広末を守ってきた井上社長

 2001年5月、21歳だったときの広末はジャン・レノ(74)とダブル主演した日仏合作映画『WASABI』の製作発表会見で、突如として号泣した。その後、涙の理由を説明したが、ポエムのような内容で意味不明だった。

《夢をかなえることと、自分を守ってくれる人がいること、そういう人がいるから負けてはいけないなと思ったり。でも、こういうことは勝ち負けではないと思ったり》

 さらに同7月にはタクシー料金の不払いを写真誌が伝えた。広末は東京・西麻布の飲食店で俳優・金子賢(46)と遊興したあと、タクシーに乗り、そこからフジテレビの連続ドラマ『できちゃった結婚』のロケ地である千葉県白浜町に向かった。距離は100キロ以上。その運賃約4万円を支払わなかったと報じられた。また、タクシーを降りたあとはダンスを踊るようなポーズを取り、世間はいよいよ首を傾げた。

 火消しにあたったのはもちろん所属事務所のフラームだ。2002年1月に行われた『WASABI』の公開記念会見では参加を許すマスコミを限定。一連の広末の行動を「奇行」などと報じたマスコミは排除した。

 その上で広末を笑顔で会見場に登場させ、本人は「あれは喜びの涙。あの時は失礼しました」と悪びれずに語ったのだ。参加するマスコミを絞ったため厳しい質問は出なかった。これにより、一連の問題はなかったことになった。

 2005年に広末は夜の街で自分が遊び歩いているなどと報じた記事は虚偽だとして、週刊誌を訴え、勝訴。実質的に裁判を取り仕切ったのは言うまでもなくフラームだ。2008年には元交際相手との接触を不倫と誤解される表現で報じた女性誌を訴え、やはり勝訴した。

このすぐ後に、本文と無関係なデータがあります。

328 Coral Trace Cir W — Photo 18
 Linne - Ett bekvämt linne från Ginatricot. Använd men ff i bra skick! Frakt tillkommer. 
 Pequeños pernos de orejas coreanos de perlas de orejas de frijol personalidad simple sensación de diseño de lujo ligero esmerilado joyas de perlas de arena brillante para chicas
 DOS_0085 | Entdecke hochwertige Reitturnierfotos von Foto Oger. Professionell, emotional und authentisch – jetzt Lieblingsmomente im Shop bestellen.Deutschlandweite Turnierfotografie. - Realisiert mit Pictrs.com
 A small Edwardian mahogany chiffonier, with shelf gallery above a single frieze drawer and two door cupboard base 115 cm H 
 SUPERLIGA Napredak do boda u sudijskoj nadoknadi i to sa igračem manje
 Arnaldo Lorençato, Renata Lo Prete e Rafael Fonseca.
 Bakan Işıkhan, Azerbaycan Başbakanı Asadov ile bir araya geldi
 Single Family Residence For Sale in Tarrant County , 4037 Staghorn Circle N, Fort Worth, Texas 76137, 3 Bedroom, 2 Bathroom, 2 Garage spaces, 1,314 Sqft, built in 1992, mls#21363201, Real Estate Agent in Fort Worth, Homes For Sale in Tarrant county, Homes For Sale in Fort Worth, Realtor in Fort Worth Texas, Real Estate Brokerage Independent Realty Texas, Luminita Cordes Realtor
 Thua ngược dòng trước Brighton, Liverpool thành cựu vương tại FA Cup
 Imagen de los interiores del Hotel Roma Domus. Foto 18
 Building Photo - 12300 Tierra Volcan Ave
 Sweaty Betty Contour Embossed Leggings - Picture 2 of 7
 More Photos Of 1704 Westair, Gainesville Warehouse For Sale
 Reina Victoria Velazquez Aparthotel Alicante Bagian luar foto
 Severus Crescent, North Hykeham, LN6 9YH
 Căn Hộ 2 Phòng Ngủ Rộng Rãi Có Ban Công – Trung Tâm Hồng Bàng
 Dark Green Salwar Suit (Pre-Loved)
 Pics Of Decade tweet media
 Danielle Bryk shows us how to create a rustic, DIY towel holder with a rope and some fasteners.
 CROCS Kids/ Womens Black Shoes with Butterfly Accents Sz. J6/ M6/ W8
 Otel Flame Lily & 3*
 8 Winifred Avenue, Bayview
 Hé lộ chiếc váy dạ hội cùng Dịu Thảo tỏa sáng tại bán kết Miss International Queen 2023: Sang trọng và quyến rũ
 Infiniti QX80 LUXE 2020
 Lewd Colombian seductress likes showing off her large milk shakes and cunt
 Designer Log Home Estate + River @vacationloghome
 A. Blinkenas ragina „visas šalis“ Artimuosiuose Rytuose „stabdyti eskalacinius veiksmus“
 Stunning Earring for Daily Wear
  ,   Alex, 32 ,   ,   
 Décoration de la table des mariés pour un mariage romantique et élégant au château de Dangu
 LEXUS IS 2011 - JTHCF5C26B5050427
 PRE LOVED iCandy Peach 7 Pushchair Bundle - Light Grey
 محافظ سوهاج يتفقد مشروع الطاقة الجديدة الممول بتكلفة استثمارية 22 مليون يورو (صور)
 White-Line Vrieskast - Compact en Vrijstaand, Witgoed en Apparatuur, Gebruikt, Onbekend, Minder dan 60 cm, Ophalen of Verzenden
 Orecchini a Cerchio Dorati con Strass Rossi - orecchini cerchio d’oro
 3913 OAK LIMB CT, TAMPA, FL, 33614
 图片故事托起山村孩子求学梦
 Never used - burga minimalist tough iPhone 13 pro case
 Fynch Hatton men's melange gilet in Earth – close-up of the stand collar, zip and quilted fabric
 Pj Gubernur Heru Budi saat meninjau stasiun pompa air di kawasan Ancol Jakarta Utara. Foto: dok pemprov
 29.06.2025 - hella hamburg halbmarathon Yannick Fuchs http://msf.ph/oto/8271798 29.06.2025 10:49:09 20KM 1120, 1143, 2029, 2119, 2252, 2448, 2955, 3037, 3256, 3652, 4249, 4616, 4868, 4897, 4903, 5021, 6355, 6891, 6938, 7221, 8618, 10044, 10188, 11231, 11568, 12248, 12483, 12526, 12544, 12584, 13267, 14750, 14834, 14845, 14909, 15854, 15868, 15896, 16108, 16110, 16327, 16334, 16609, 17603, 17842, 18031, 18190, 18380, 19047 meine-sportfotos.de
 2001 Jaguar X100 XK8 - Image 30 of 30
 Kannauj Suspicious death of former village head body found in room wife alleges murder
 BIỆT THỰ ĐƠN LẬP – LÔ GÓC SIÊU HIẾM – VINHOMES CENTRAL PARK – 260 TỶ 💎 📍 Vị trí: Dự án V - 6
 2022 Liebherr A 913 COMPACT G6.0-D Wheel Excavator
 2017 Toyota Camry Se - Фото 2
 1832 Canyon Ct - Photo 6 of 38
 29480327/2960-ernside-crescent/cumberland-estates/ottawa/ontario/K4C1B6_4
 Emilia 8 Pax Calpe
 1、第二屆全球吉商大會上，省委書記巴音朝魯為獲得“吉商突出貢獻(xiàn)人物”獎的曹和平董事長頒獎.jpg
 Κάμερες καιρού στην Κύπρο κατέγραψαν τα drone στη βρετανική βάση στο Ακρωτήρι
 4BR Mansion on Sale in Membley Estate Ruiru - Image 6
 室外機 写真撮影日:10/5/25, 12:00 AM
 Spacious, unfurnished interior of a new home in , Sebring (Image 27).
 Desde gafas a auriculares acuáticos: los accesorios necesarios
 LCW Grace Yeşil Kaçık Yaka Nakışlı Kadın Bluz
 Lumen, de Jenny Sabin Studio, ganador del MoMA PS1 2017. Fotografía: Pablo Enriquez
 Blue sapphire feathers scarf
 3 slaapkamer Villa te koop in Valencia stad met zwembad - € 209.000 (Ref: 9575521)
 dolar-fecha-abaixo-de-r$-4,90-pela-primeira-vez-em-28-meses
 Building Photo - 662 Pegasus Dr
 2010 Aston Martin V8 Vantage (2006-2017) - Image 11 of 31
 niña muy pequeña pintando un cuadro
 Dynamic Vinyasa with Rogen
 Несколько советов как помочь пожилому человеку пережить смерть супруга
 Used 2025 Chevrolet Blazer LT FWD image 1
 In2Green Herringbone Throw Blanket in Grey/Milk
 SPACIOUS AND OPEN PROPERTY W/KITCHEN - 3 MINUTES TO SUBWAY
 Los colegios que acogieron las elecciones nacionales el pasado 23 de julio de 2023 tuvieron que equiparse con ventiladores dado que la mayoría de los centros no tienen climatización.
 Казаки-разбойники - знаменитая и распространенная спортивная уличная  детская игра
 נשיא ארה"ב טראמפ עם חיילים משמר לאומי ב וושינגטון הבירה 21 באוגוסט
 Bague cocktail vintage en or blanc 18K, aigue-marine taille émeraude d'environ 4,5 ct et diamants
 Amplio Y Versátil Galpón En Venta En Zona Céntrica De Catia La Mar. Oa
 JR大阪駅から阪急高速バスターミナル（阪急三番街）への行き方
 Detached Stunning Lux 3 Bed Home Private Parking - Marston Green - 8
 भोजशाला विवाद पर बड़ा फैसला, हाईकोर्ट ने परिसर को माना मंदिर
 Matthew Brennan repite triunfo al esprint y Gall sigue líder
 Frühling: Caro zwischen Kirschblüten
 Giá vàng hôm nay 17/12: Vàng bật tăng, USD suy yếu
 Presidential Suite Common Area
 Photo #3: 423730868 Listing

 芸能人の記事は揉めても訴訟になることが少ない。記事に間違いや誇張などがあった場合、掲載した側が訂正・謝罪文を載せて終わる場合が多いからだ。

 だが、井上社長は広末のイメージを守ろうと懸命になった。広末に好意的な記事を書くマスコミは優遇し、スキャンダルを書く相手とは戦った。穏やかそうに見える人だが、行動は熱い。